Interwoven throughout the exuberant exploitation of every childish gag from flatulence to expectorated marshmallows is a loving respect for theatre, its craft and capacity to enthral. Children in the audience are treated with respect, the artifice of the stage is acknowledged even as its tricks and devices are executed with aplomb. Shadow puppets fight with performers, iambic pentameter is rudely interrupted and murder is made to look a particularly stupid endeavour.
Mark Owen-Taylor, Rhiannon Owen and especially John Leary contribute much to the mayhem and with Brammall, Grandison and Richards create a strong rapport with all ages in the audience. Teh cast clearly enjoy the multiple readings the text allows. Griffiths, Harrison and his production team maintain coherence, theatrical masters at play with the master playwright. It is hard to conceive of a more appropriate production through which to introduce children to the theatre, let alone Shakespeare.
Herald Sun, Melbourne
Kate Rose
28 September 2008
Playing the Bard for laughs
From the first fart joke it’s fairly obvious
Macbeth! is not going to follow the original. But what it does is almost more difficult – it makes Shakespeare accessible and funny to an audience of children.
Author and playwright Andy Griffiths has taken home a mountain of Children’s Choice Awards for his books and has turned his hand to Macbeth.
Andy and his mates are suffering through Shakespeare in class when a mishap with a magic potion sends them to Scotland, where the locals mistake them for characters in the play.
Karaoke, garden gnomes and cross-dressers are roped in to help 12-year-olds Andy (Patrick Brammall), Danny (Tim Richards) and Lisa (Pippa Grandison) see the story through.
This is a high-energy, madcap production that had the children in the audience spell-bound from start to finish and they weren’t the only ones. Just Macbeth! is a great romp and the actors throw themselves into their roles with genuine delight.
The Age
Raymond Gill
26 September 2008
Dirty deeds done for laughs
Chances are there has never been a production of the Scottish play where Lady Macbeth’s “unsex me here” speech is upstaged by her dithering husband, Macbeth, who is busy stuffing his face with marshmallows. Nor one imagines, has Macduff ever been so convincingly played by a garden gnome.
But in this riotously funny adaptation of the bloodiest of tragedies, Shakespeare’s conniving characters and their dastardly deeds find perfect partnership with author Andy Griffiths, who is no stranger to yuck and trickery.
Here his characters Andy, Lisa, Danny and Jen from his Just Tricking! Just Stupid! and Just Schocking! books are on stage and shoving Wizz Fizz, eye of newt and spleen into a blender.

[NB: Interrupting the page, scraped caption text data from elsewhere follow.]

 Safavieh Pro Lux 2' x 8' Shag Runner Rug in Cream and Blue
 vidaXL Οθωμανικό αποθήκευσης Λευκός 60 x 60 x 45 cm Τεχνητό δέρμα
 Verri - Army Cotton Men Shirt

They magically take on the characters from Macbeth and under Wayne Harrison’s direction play out the story with a knockabout energy.
Griffiths peps up and simplifies the Macbeth plot with a relentlessly entertaining arsenal of fart jokes, slapstick hip-hop, “he’s behind you!” audience participation, gooey gore, and even a diagram to explain “not of woman born” is just an olde worlde way of saying “caesarean.”

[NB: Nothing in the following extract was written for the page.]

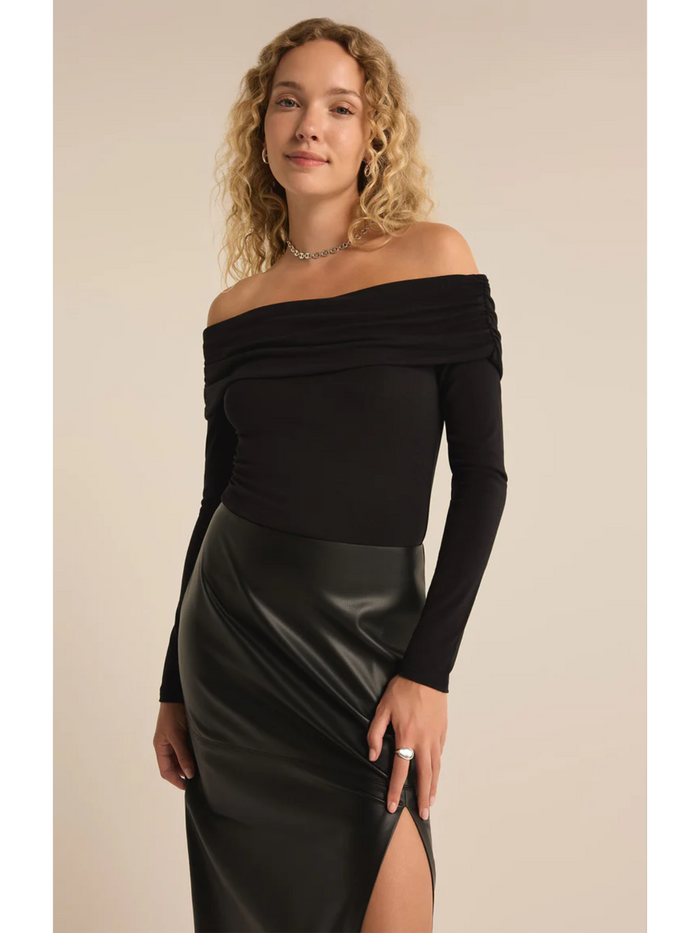 Z Supply Mara off Shoulder Second Skin Bodysuit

But many original speeches are kept and retain their hold on the audience due to the generous performances of Patrick Brammall (Macbeth), Pippa Grandison (Lady Macbeth), Mark Owen-Taylor (Duncan) and Tim Richards (Banquo). Pip Runicman’s set is delightfully low-tech and Griffiths and Harrison ensure that the gags are aimed at both kids and adults.
The Australian
Alison Croggon
25 September 2008
Full of sound and fury, signifying some fun
As anyone with the slightest acquaintance with a 10-year-old boy will know, children's author Andy Griffiths is a superstar. He has captured this notoriously book-shy demographic with titles such as Bumageddon: The Final Pongflict and The Day My Bum Went Psycho, which feature shamelessly awful puns, bizarre imaginings and disgusting bodily fluids.

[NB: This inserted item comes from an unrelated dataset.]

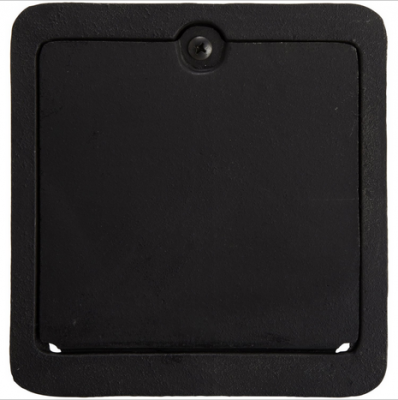 Trappe de ramonage en fonte peinte 16x20cm ROLLINGER FONDERIE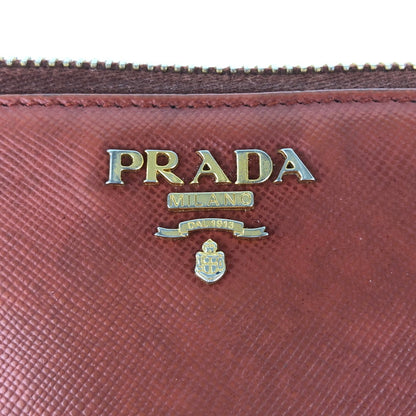 【中古品】【レディース】 PRADA プラダ 1M0506/SAFFINO METAL 長財布 181-250212-NS-2-iwa カラー：パパイヤオレンジ 万代Net店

Among his most wildly popular books are his Just series (Just Stupid!, Just Disgusting! and so on), which star the Year 7 schoolboy Andy and his friends. I don't know which genius commissioned Griffiths to adapt Macbeth in the manner of these books, but they can have a Wizz Fizz on me.
One of the serious gaps in our theatre has been the lack of main-stage theatre for children. Most often it's hived off into educational programs or worthy-sounding events, which of course have their value. But it's crucial to develop audiences from a young age. And that means taking young people seriously and including them, as European and English theatres do, in main-stage programs.
Bell Shakespeare leads the way with this irrepressibly irreverent version of Macbeth, which appeals to the 10-year-old in all of us. Here the characters of the Just series, Andy (Patrick Brammall), Danny (Tim Richards) and Lisa (Pippa Grandison), find themselves studying Macbeth at school. Andy's response is, of course, to fall asleep. But under the spell of Lisa's tyrannical charisma, he finds himself making the witches' brew (eye of newt and toe of frog) for a school presentation, a scene that evoked an appropriately disgusted reaction.
Of course, the friends drink the potion. And then find themselves in medieval Scotland, magically transformed into the main characters in Shakespeare's tragedy.
This is a brilliant way of introducing young audiences to Shakespeare. Between the fart jokes, expectorations of marshmallows and pantomime business, Griffiths demystifies the language, explains in simple, hilarious terms the function of soliloquies, and outlines the action and motivations of the play. He unobstrusively brings in Shakespeare's speeches, so the transparency of Shakespeare's language when it is spoken gradually becomes apparent. Any kids who later encounter Macbeth proper will be well primed. Most important, as my shining 10-year-old nephew attested afterwards, they'll know that theatre can be brilliant fun.
Just Macbeth! is directed by Wayne Harrison with ingenuity and theatrical wit, and performed unpatronisingly by a sharp and enthusiastic cast. Recommended for children of all ages.
Australian Stage Online
Paul Kooperman
25 September 2008
Witches, Daggers, Bed Wetting and Wizz Fizz
Surrounded by children laughing at the fart jokes and the funny man stuffing his face with marshmallows, playing with their program (as per the instructions), yelling out at regular intervals and trying to interact with the actors on stage, I wondered if this was really helping children understand Shakespeare and encourage them to read or learn about it. I concluded that it’s irrelevant. The children and families and who packed the Playhouse Theatre loved it and left with a smile. Any play or performance which makes children enjoy the experience so thoroughly they can’t stop talking about it at interval and after the show is worthy of being considered a great success.
It was a marvellous blend of a fun and lively design by Pip Runciman, sharp direction by the formidable Wayne Harrison, clever plot parallels and colourful, engaging writing by Andy Griffiths as well as big and bold performances by the wonderful cast: Patrick Brammall, Pippa Grandison, Mark Owen-Taylor (who several audience members screamed excitedly for when they recognised him from Play School), Tim Richards, Rhiannon Owen and John Leary.
Bell Shakespeare continues to be a company which surprises, delights and entertains. Whether you’re a fan of the Bard or not, whether the children watching the show leave the auditorium with a better understanding of a soliloquy or whether the show actually teaches anything about anything – who cares!? Children as young as three and four years old were gripped and fully engaged along with teenagers and their teachers, who actually mouthed the words during some of the more famous Shakespearean speeches. Will Shakespeare and Andy Griffiths make a great team! Let’s hope for further collaboration.